Exploratory Data Analysis

Sonia Markes

University of Toronto

July 6, 2023

A probability is a number between 0 and 1 indicating how likely an event is, whereas a statistic is a number in a context.
Say you have a list of numbers, denoted \(x_1, x_2, ..., x_n\). These are (observed) data values.
We conceptualize them as realizations of random variables \(X_1, X_2, ...,X_n\).

The data do not speak for themselves.

Numerical Summaries

Center
Order statistics
Variability

Center

Sample Mean
Sample Median

Sample Mean

\[ \bar{x}_n = \frac{x_1+x_2+...+x_n}{n} \]

The arithmetic mean, or simply, the average.

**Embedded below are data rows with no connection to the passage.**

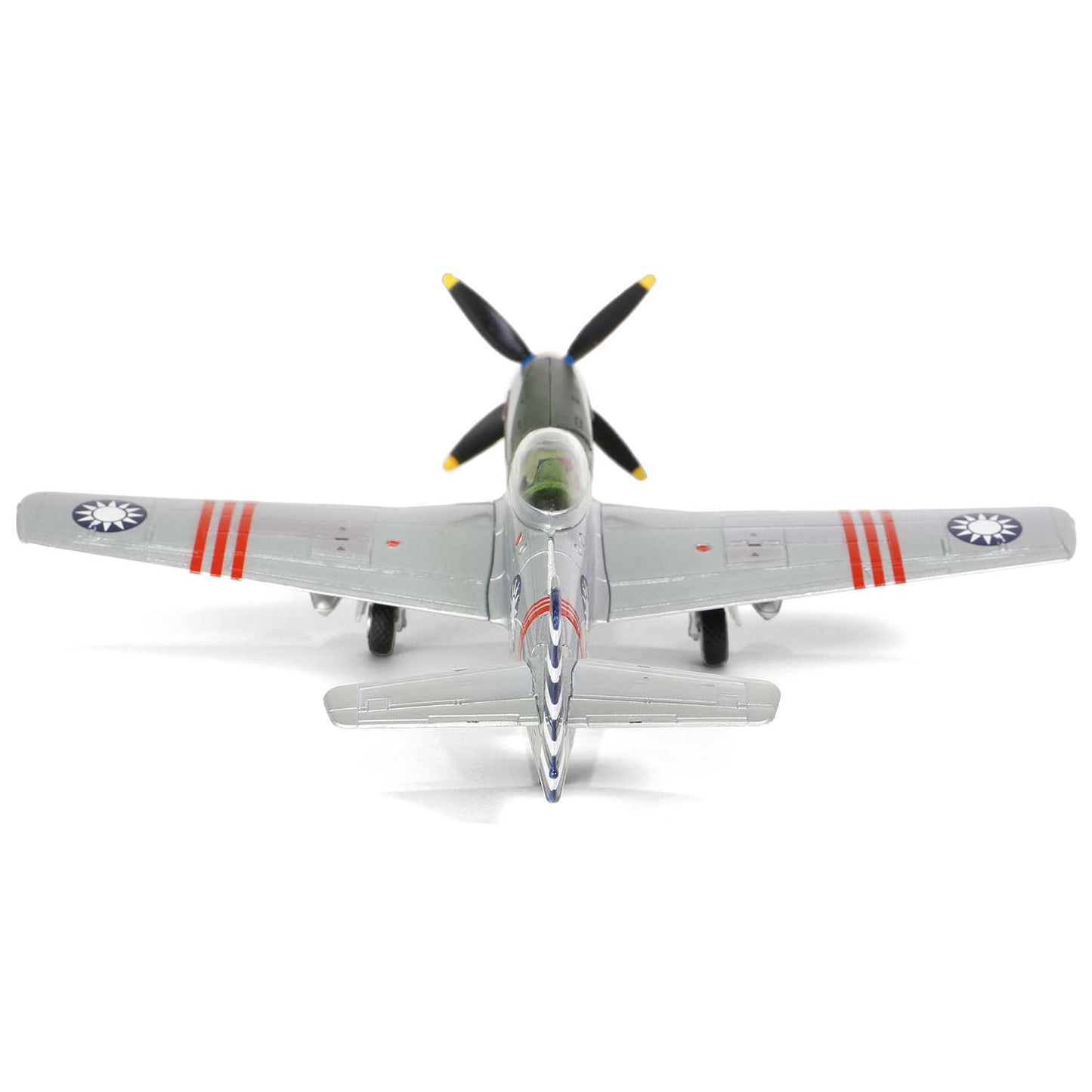 Forces of Valour - P51D Rocaf - 1:72
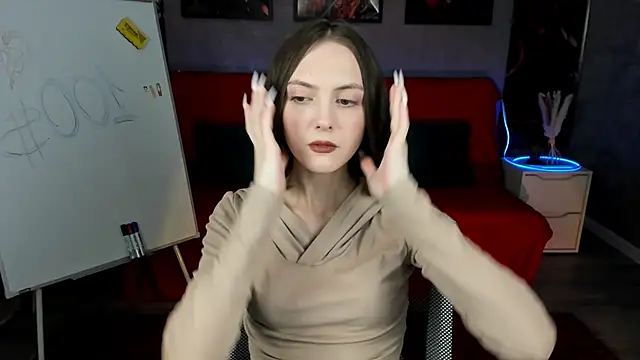 JesssWalker online show from 02-04-25, 08:49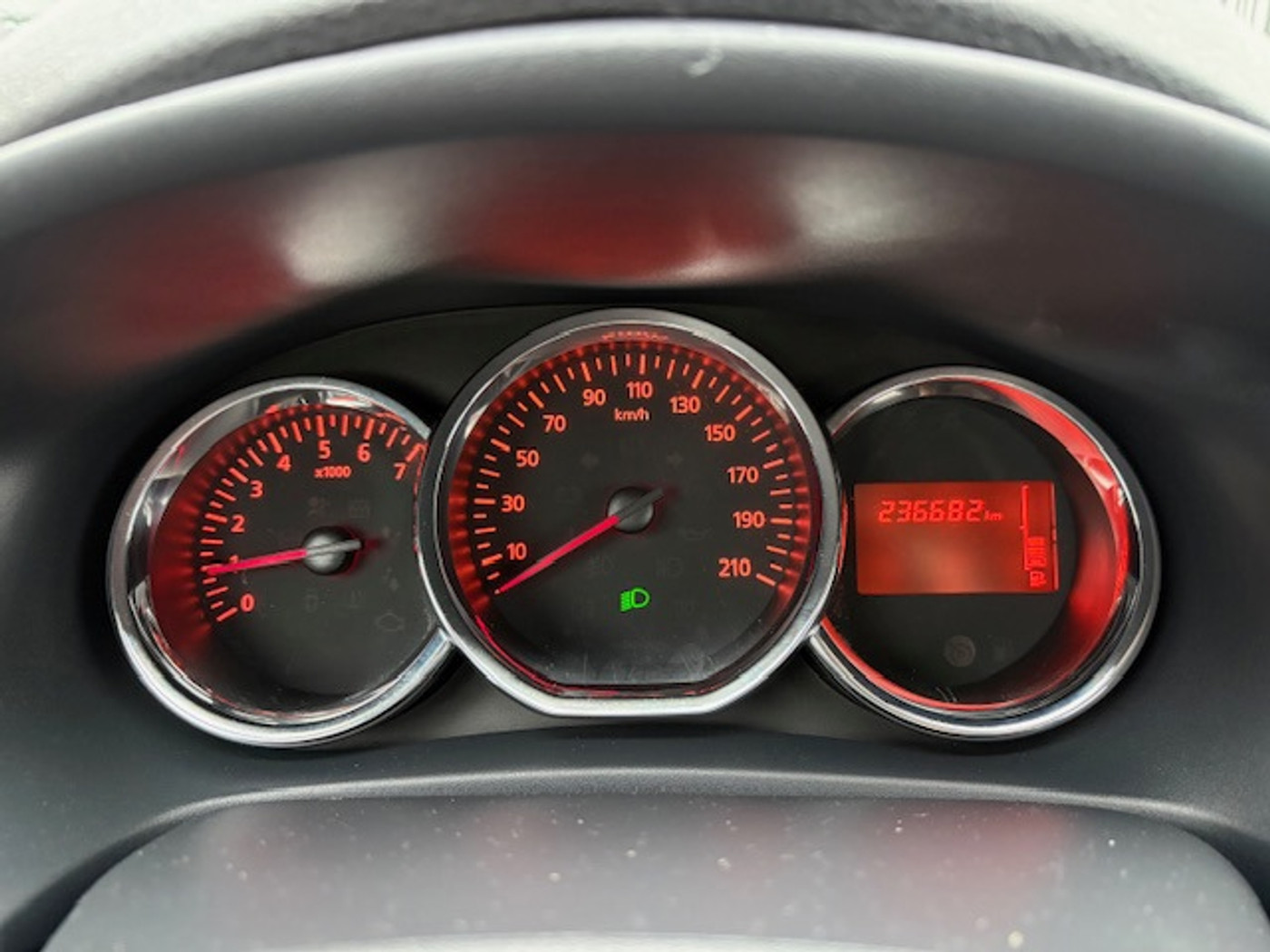 Foto van Dacia Sandero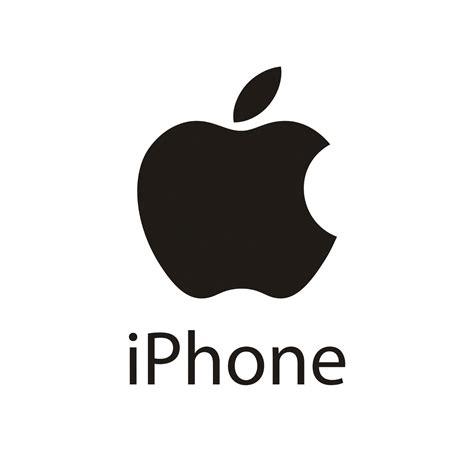 Apple iPhone 13 logo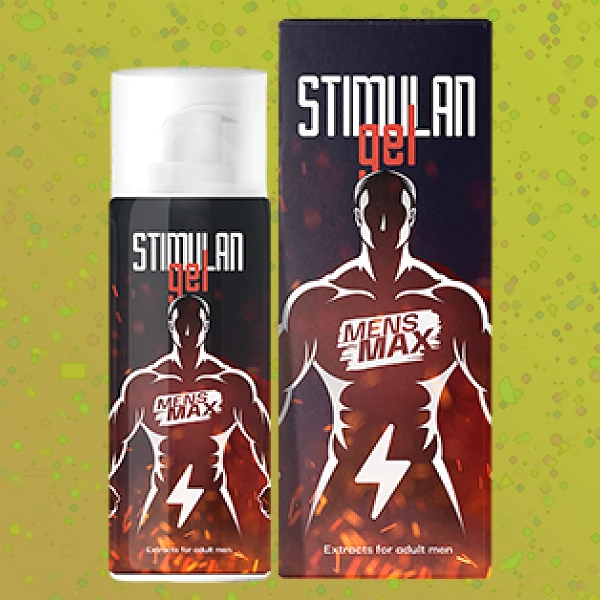 Stimulan gel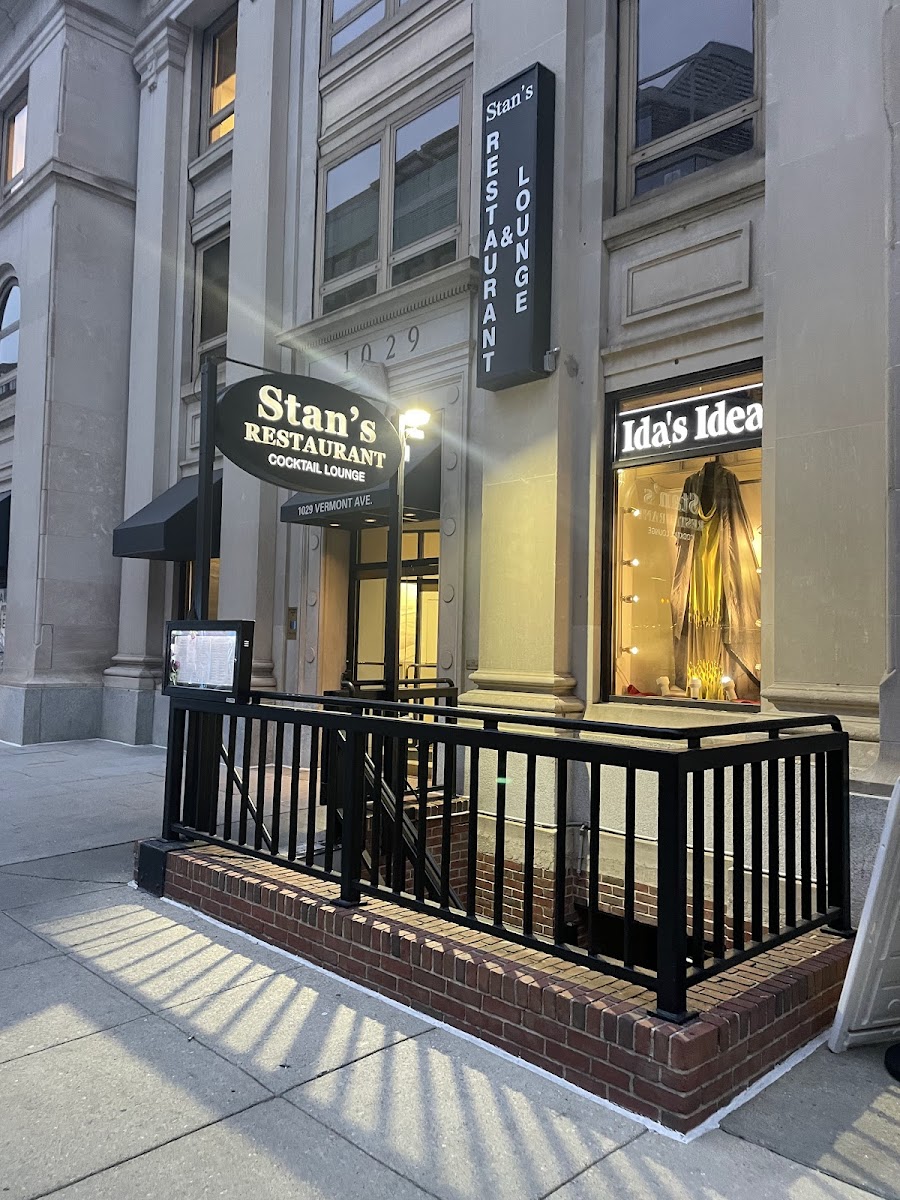 Stan's DC Restaurant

Denoted \(\bar{x}_n\) or, simply \(\bar{x}\).

Sample Median

The sample median is the middle value of a sorted dataset. Denoted \(Med_n=Med(x_1,x_2,...,x_n)\).

If n is odd, the median is an element of the dataset.
If n is even, the median is the average of the middle two values.
Roughly, half the data is above the median, and half is below.

Exercises

Find the mean and median of the following sets:

\(\{ 6,4,7,5,3\}\)
\(\{3,5,9,2,4,7\}\)
\(\{7,8,8,1\}\)

Ex 1: Find the mean and median of \(\{ 6,4,7,5,3\}\)

ex1 <- c(6,4,7,5,3)
n1 <- length(ex1) 
sum(ex1) / n1 # mean
sort(ex1)[ (n1+1)/2 ] # median

Ex. 2: Find the mean and median of \(\{3,5,9,2,4,7\}\)

ex2 <- c(3,5,9,2,4,7)
n2 <- length(ex2)
sum(ex2) / n2 # mean
quantile(ex2, prob=0.5) # also median

Ex. 3: Find the mean and median of \(\{7,8,8,1\}\)

ex3 <- c(7,8,8,1)
mean(ex3)
median(ex3)

Comparison

Mean of a dataset \(\sim\) Expectation of a probability distribution, \(\mathbb{E}[X]\)
Median is less sensitive to outliers, that is, to the few values that are far from most of the values.

Order

Notation
Empirical Quantiles

Order statistics

The dataset arranged is ascending order is called the order statistics, denoted \(\{x_{(1)},x_{(2)},...,x_{(n)}\}\), such that \[x_{(k-1)}\leq x_{(k)}\leq x_{(k+1)} \;\; \forall \;\; k\in(1,n)\]

Special cases

\[ \min (x_1, ..., x_n) =x_{(1)} \]

\[ \max (x_1, ..., x_n)=x_{(n)} \]

Median, revisited

\[ {Med}_n = \begin{cases} x_{\left(\frac{n+1}{2}\right)} &\text{if } n \in 2k+1 \\ \frac{1}{2} \left( x_{\left(\frac{n}{2}\right)} + x_{\left(\frac{n}{2}+1\right)} \right) &\text{if } n \in 2k \end{cases} \] where \(k\in \mathbb{N}\)

Empirical Quantiles

The \(p^{th}\) empirical quantile, denoted \(q_n(p)\), is the number such that the proportion of the dataset below \(q_n(p)\) is \(p\).

Special cases

The median is the \(0.5^{th}\) empirical quantile, or \(q_n(0.5)\).
Percentile:
- \(x^{th}\) percentile = \(p^{th}\) quantile, where \(x=p \times 100\)
Quartiles:
- Lower quartile = \(q_n(0.25)\)
- Upper quartile = \(q_n(0.75)\)

Five-number summary

Minimum
Lower quartile
Median
Upper quartile
Maximum

Exercises

For the set of integers \([1,11]\), compute the following:

\(10^{th}\) percentile
Five-number summary

ex_order <- 1:11
quantile(ex_order, p = 0.1) # 10th percentile
c(min(ex_order), 
  quantile(ex_order, 0.25),
  median(ex_order),
  quantile(ex_order, 0.75),
  max(ex_order)) # 5-number summary

Variability

Range
Deviation

Ranges

The range of a dataset is the difference between the maximum and minimum values. \[ Max-Min=x_{(n)}-x_{(1)} \]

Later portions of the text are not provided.